:: To do ::
The listing below is to be copied in full, line by line.

:: Source information ::
··········
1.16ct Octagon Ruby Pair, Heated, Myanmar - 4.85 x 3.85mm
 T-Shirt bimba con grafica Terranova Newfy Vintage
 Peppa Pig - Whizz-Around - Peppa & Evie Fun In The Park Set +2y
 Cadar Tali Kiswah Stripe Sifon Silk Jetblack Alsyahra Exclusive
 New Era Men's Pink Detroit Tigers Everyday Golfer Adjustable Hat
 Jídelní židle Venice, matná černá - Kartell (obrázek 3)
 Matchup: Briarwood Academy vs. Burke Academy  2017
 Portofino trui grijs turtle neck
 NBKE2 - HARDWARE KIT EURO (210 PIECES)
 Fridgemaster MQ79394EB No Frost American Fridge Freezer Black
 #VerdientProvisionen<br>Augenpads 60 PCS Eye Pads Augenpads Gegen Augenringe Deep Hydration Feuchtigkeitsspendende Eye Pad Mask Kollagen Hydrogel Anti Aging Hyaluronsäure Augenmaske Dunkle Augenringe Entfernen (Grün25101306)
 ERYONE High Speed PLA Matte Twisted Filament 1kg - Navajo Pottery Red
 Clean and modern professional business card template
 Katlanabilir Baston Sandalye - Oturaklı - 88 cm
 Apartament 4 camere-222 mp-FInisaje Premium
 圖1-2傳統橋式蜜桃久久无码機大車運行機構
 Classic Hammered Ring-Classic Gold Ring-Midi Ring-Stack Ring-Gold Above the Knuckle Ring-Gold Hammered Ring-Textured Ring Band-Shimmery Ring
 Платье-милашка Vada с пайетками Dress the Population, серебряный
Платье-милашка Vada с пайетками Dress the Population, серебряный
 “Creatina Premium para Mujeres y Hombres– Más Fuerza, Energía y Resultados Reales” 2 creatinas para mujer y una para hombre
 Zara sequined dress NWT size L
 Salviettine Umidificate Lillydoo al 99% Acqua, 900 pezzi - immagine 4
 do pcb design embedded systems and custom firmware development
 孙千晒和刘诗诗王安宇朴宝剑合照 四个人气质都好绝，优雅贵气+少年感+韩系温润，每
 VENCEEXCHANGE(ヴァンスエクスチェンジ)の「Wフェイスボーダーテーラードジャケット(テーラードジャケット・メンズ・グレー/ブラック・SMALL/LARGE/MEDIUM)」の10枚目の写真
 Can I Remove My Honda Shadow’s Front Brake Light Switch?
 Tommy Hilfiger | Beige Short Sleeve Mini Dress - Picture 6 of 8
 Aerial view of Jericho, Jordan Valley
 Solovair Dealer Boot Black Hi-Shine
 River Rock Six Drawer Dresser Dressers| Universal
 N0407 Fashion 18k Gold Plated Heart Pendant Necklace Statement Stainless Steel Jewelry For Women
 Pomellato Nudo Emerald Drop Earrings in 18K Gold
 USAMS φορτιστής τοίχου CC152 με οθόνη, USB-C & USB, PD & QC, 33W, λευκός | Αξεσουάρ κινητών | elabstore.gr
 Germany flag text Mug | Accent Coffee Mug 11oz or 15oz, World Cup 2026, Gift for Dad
··········
:: Task solution ::
1.16ct Octagon Ruby Pair, Heated, Myanmar - 4.85 x 3.85mm
 T-Shirt bimba con grafica Terranova Newfy Vintage
 Peppa Pig - Whizz-Around - Peppa & Evie Fun In The Park Set +2y
 Cadar Tali Kiswah Stripe Sifon Silk Jetblack Alsyahra Exclusive
 New Era Men's Pink Detroit Tigers Everyday Golfer Adjustable Hat
 Jídelní židle Venice, matná černá - Kartell (obrázek 3)
 Matchup: Briarwood Academy vs. Burke Academy  2017
 Portofino trui grijs turtle neck
 NBKE2 - HARDWARE KIT EURO (210 PIECES)
 Fridgemaster MQ79394EB No Frost American Fridge Freezer Black
 #VerdientProvisionen<br>Augenpads 60 PCS Eye Pads Augenpads Gegen Augenringe Deep Hydration Feuchtigkeitsspendende Eye Pad Mask Kollagen Hydrogel Anti Aging Hyaluronsäure Augenmaske Dunkle Augenringe Entfernen (Grün25101306)
 ERYONE High Speed PLA Matte Twisted Filament 1kg - Navajo Pottery Red
 Clean and modern professional business card template
 Katlanabilir Baston Sandalye - Oturaklı - 88 cm
 Apartament 4 camere-222 mp-FInisaje Premium
 圖1-2傳統橋式蜜桃久久无码機大車運行機構
 Classic Hammered Ring-Classic Gold Ring-Midi Ring-Stack Ring-Gold Above the Knuckle Ring-Gold Hammered Ring-Textured Ring Band-Shimmery Ring
 Платье-милашка Vada с пайетками Dress the Population, серебряный
Платье-милашка Vada с пайетками Dress the Population, серебряный
 “Creatina Premium para Mujeres y Hombres– Más Fuerza, Energía y Resultados Reales” 2 creatinas para mujer y una para hombre
 Zara sequined dress NWT size L
 Salviettine Umidificate Lillydoo al 99% Acqua, 900 pezzi - immagine 4
 do pcb design embedded systems and custom firmware development
 孙千晒和刘诗诗王安宇朴宝剑合照 四个人气质都好绝，优雅贵气+少年感+韩系温润，每
 VENCEEXCHANGE(ヴァンスエクスチェンジ)の「Wフェイスボーダーテーラードジャケット(テーラードジャケット・メンズ・グレー/ブラック・SMALL/LARGE/MEDIUM)」の10枚目の写真
 Can I Remove My Honda Shadow’s Front Brake Light Switch?
 Tommy Hilfiger | Beige Short Sleeve Mini Dress - Picture 6 of 8
 Aerial view of Jericho, Jordan Valley
 Solovair Dealer Boot Black Hi-Shine
 River Rock Six Drawer Dresser Dressers| Universal
 N0407 Fashion 18k Gold Plated Heart Pendant Necklace Statement Stainless Steel Jewelry For Women
 Pomellato Nudo Emerald Drop Earrings in 18K Gold
 USAMS φορτιστής τοίχου CC152 με οθόνη, USB-C & USB, PD & QC, 33W, λευκός | Αξεσουάρ κινητών | elabstore.gr
 Germany flag text Mug | Accent Coffee Mug 11oz or 15oz, World Cup 2026, Gift for Dad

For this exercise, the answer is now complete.